--- Problem statement ---
Find the line with "House For Sale" in the data below. Repeat it and every line after it exactly, but not the pictures.

--- Dataset excerpt ---

=== Section Start ===

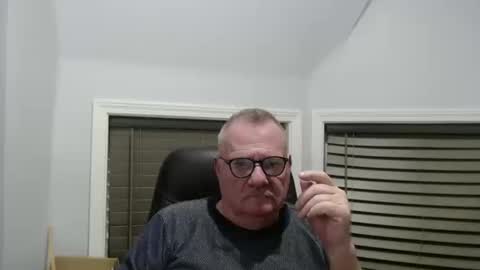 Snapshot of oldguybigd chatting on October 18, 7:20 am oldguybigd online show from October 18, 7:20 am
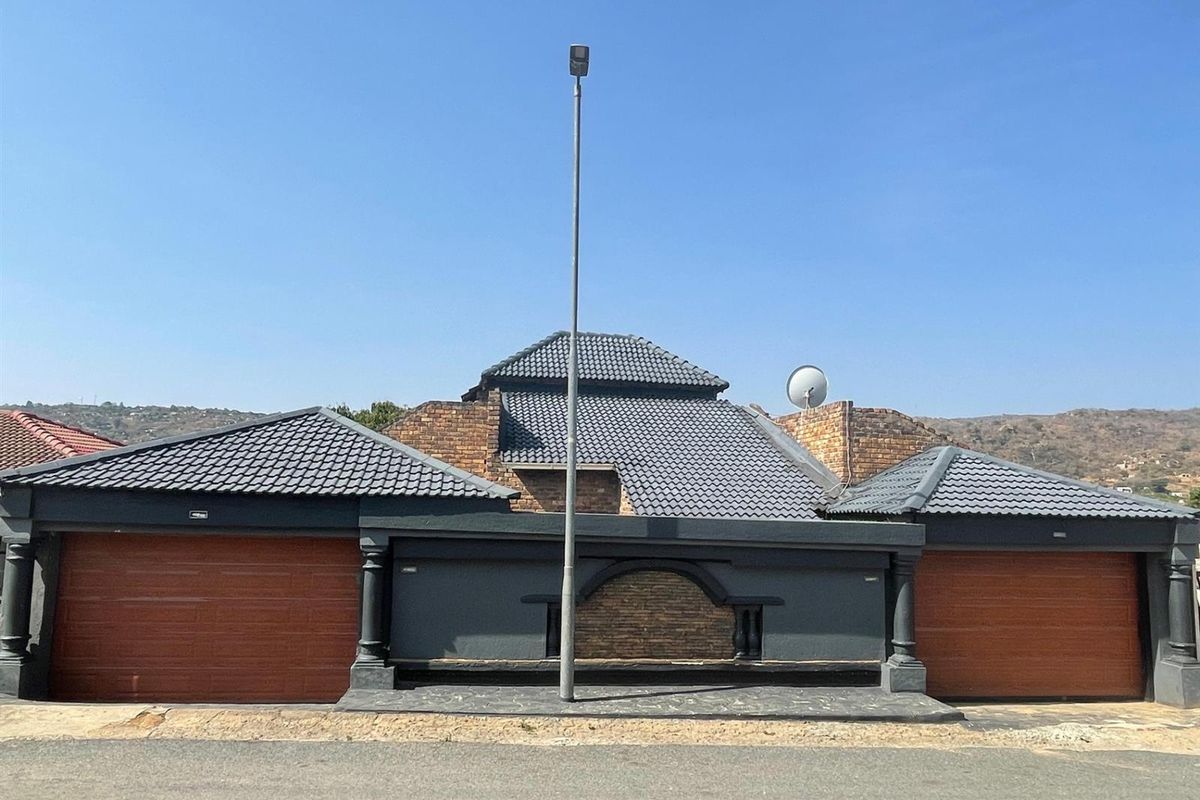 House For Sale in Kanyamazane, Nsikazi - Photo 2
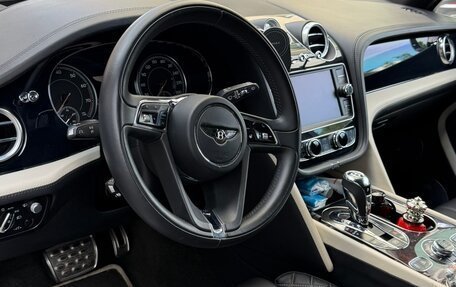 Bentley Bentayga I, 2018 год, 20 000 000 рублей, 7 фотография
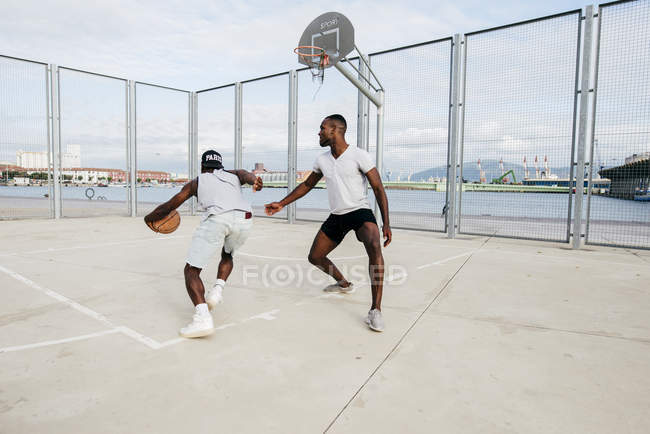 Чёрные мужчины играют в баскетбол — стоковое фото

=== Section End ===

--- Response for this exercise ---
 House For Sale in Kanyamazane, Nsikazi - Photo 2
 Bentley Bentayga I, 2018 год, 20 000 000 рублей, 7 фотография
 Чёрные мужчины играют в баскетбол — стоковое фото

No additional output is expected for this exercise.